_What to produce_
Every line in the data below has to be repeated exactly; no picture belongs in the result.

_Given material_
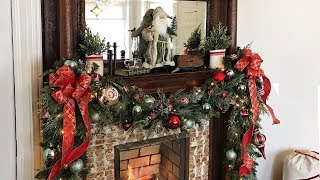 How To Decorate A Mantel For Christmas  Christmas Mantel Garland  Christmas Fireplace Decorating [upl. by Nana]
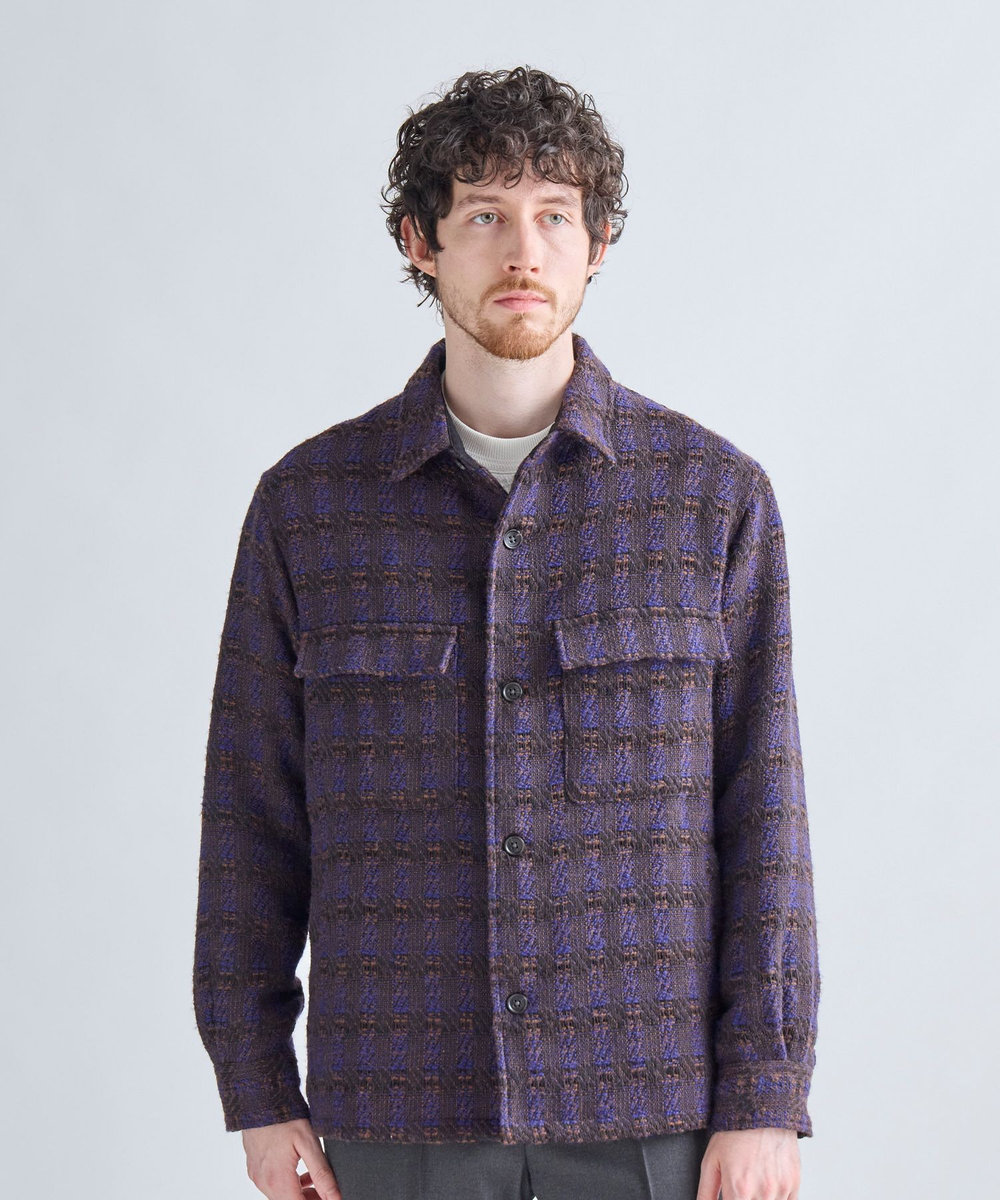 MEN'S BIGI 総裏ツイード CPOシャツアウター パープル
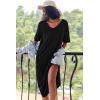 Ekouaer Long Nightgown for Women Short Sleeve Sleepwear Plus Size Loungewear with Pockets M-5XL(Black)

_Exercise result_
 How To Decorate A Mantel For Christmas  Christmas Mantel Garland  Christmas Fireplace Decorating [upl. by Nana]
 MEN'S BIGI 総裏ツイード CPOシャツアウター パープル
 Ekouaer Long Nightgown for Women Short Sleeve Sleepwear Plus Size Loungewear with Pockets M-5XL(Black)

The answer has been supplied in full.